Assigned task ▸ Within the records below, filter for lines carrying the word "Home" and copy them.
** Opening Supplied material block **
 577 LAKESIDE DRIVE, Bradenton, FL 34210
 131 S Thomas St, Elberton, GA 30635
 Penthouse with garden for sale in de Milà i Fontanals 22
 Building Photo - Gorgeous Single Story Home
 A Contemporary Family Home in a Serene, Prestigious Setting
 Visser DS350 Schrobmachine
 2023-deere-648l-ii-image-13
** Closing Supplied material block **
** Opening Supplied material block **
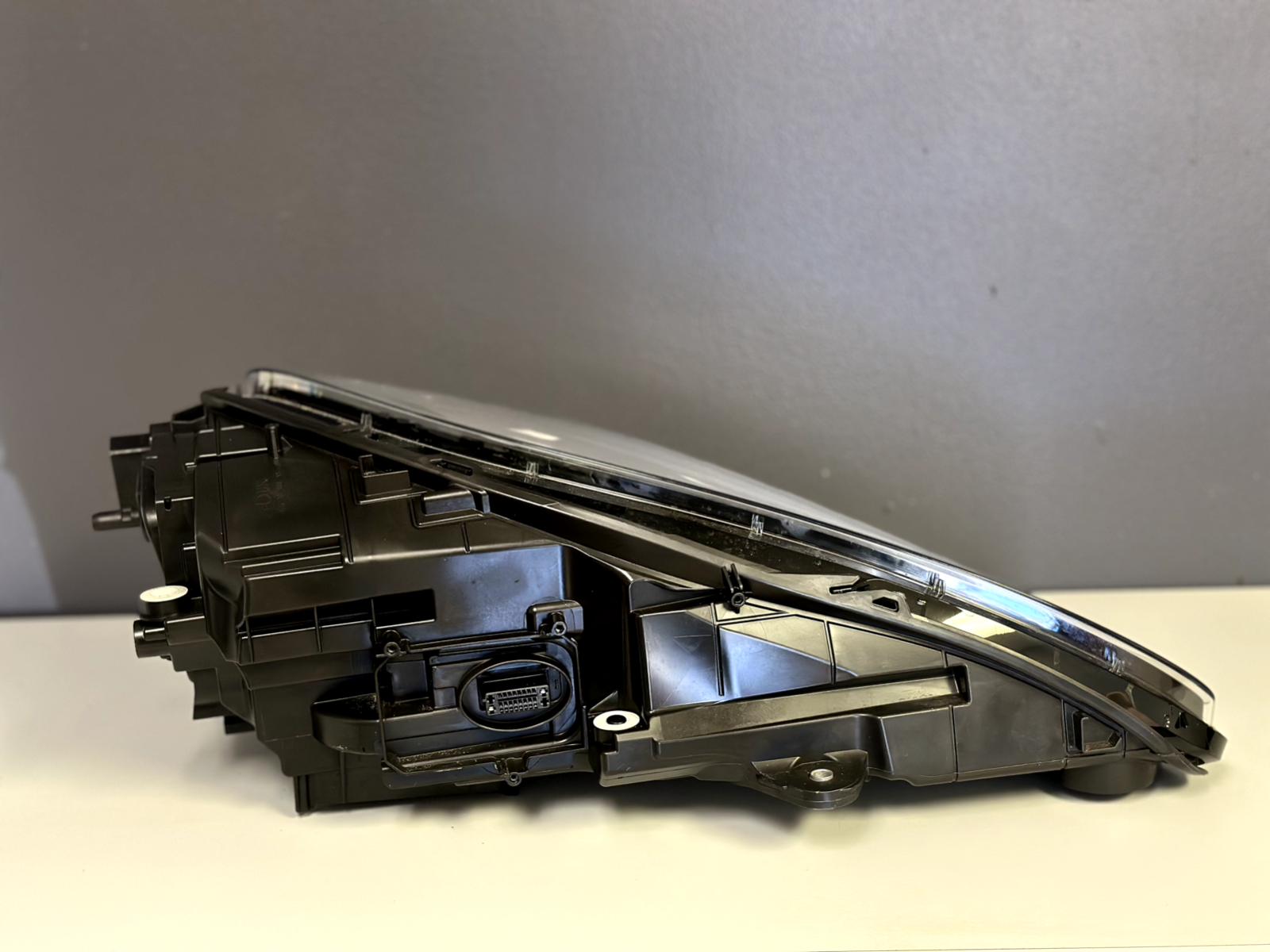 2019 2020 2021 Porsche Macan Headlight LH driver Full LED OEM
** Closing Supplied material block **
Exercise response ▸
 Building Photo - Gorgeous Single Story Home
 A Contemporary Family Home in a Serene, Prestigious Setting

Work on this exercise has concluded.